The Story of the Bush Street Raiders

In November 1990 on the eve of First Gulf War, a group that later became known as the Bush Street14 – comprised of UC Berkeley and SF State students, and community activists – occupied the recruiting station on Bush St. in San Francisco.

The group walked in, announced to the officers on duty that they were occupying the space and told them that they could leave, or be locked in with them. A strong chain and lock was attached to the inside of the door.

The recruiting station remained closed for the rest of the day.

It took police awhile to respond to the scene and figure out a course of action. They really didn’t want to break the plate glass window doors – especially in front of the TV cameras. Note that as soon as the Bush Street14 were inside and immediately after the doors were chained shut, all the phones inside were used to call the media.

At one point it became clear that the police and/or fire department were attempting to enter through a skylight on the roof. Once this was discovered, Bush Street 14 people began to block off the skylight access by piling up file cabinets and other materials.

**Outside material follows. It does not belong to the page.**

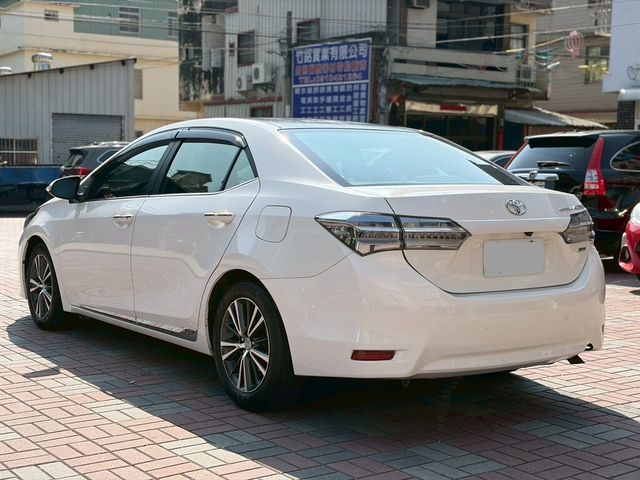 TOYOTA豐田 ALTIS  第6張相片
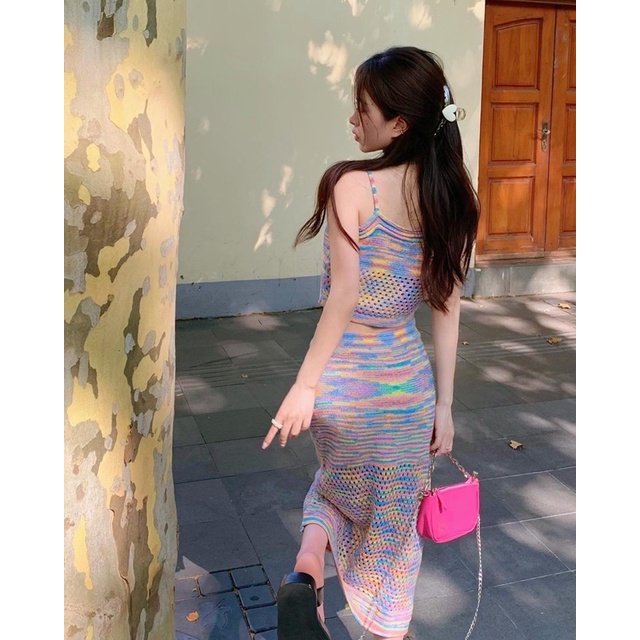 Set len áo dây, chân váy ôm body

Eventually, the police did say that they were going to break down the plate glass and physically remove everyone. At that point one person in the group suggested that it was time to end the action and go out willingly. That’s what happened.

People had all sorts of exorbitant charges like kidnapping that were eventually reduced. Because there were good National Lawyers Guild lawyers involved, because it was 1990 and 1991, because it was the Bay Area, because it was a group of mainly students from middle class backgrounds, and because of other factors, eventually all the charges were reduced and the ultimate punishment was some type of community service, which some people were able to do working with non-profit homeless organizations and other such type activity.

Were that same action to happen today, in a different state, in a different context, I doubt those involved would get off so easily.

Then. . .

When the First Gulf War actually started in January 1991 there were “three days of rage” in San Francisco. Massive numbers of people were in the streets protesting the start of that war. Many expressed their rage in the non-violent destruction of property.

Because the Bust St. recruiting station had been given a spotlight just two months before, it became a target during these three days of rage. The place was physically destroyed. The plate glass doors and street windows were smashed and much of the interior was trashed.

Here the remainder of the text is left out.